[Input material Boundary: Start]

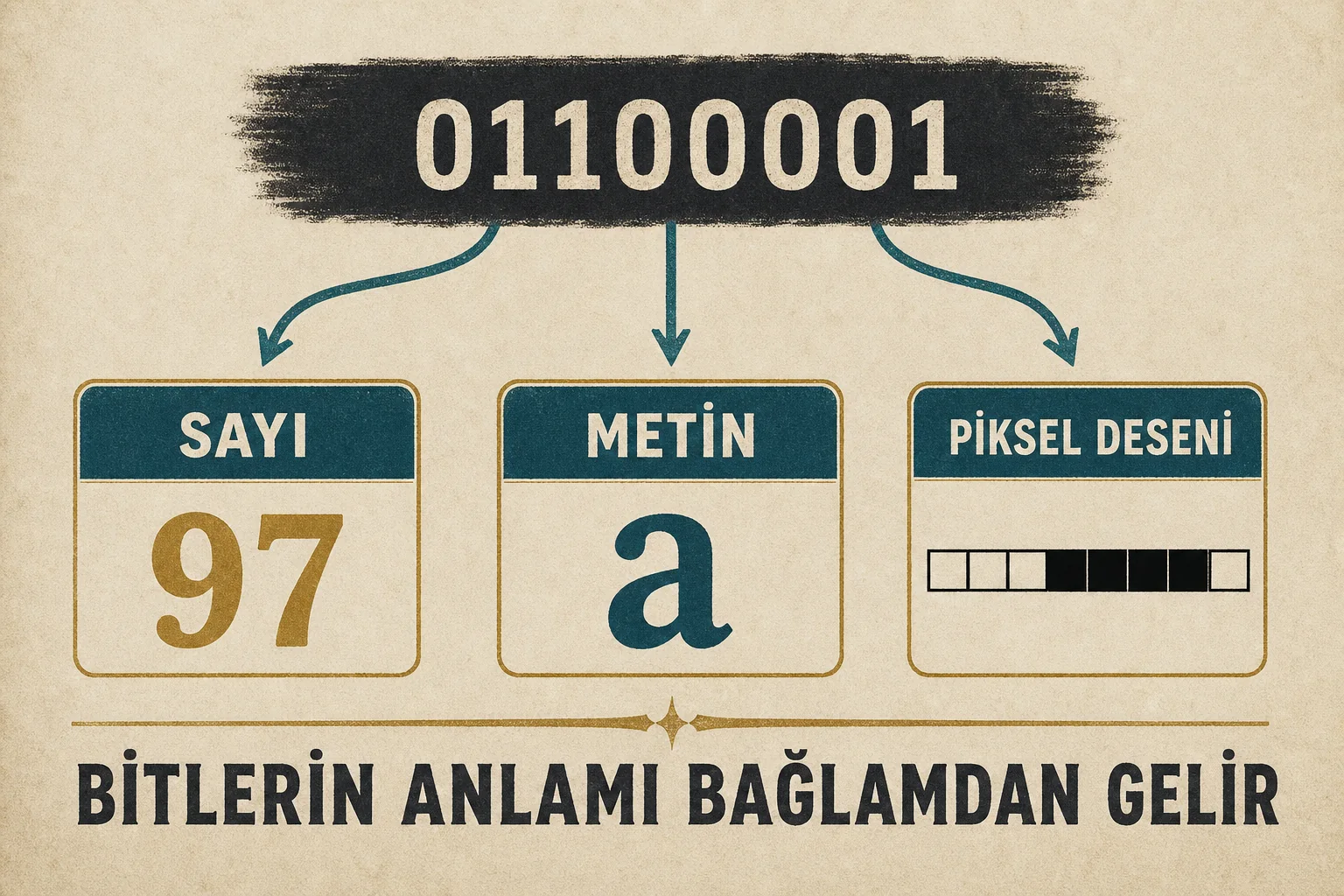 01100001 bit dizisinin sayı, metin veya piksel deseni olarak farklı yorumlanabildiğini gösteren infografik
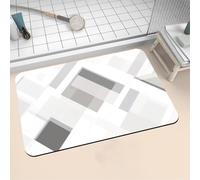 Aoojlo Alfombra Baño Secado Rapido White Alfombrilla Baño Diatomita Antideslizante, Alfombra Ducha Absorbente Fácil Limpieza Lavable Bath Mat Rug para Suelo Entrada Cocina 70x140cm 16-1313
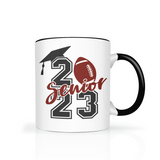 CLASS of 2023 Senior Football Color Accent 11oz Coffee Mug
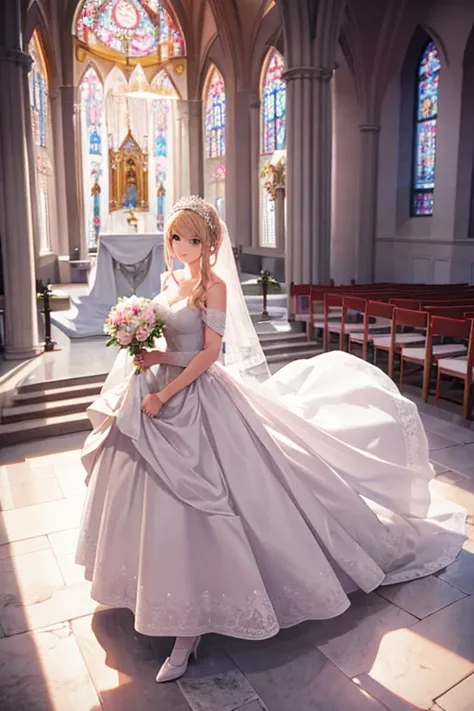 White horse wearing a wedding dress at church　Pure white horse in a pink wedding dress in church　There&#39;s a wedding cake in front of me　Pure white horse　Horse wearing a wedding dress　Horses alone　The horse is the main character　　Horses only　Horse face c...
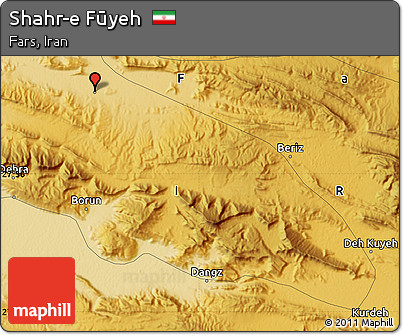 Physical Map of Shahr-e Fūyeh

[Input material Boundary: End]

No picture is to appear in the copy; every entry above is otherwise to be printed verbatim.

 01100001 bit dizisinin sayı, metin veya piksel deseni olarak farklı yorumlanabildiğini gösteren infografik
 Aoojlo Alfombra Baño Secado Rapido White Alfombrilla Baño Diatomita Antideslizante, Alfombra Ducha Absorbente Fácil Limpieza Lavable Bath Mat Rug para Suelo Entrada Cocina 70x140cm 16-1313
 CLASS of 2023 Senior Football Color Accent 11oz Coffee Mug
 White horse wearing a wedding dress at church　Pure white horse in a pink wedding dress in church　There&#39;s a wedding cake in front of me　Pure white horse　Horse wearing a wedding dress　Horses alone　The horse is the main character　　Horses only　Horse face c...
 Physical Map of Shahr-e Fūyeh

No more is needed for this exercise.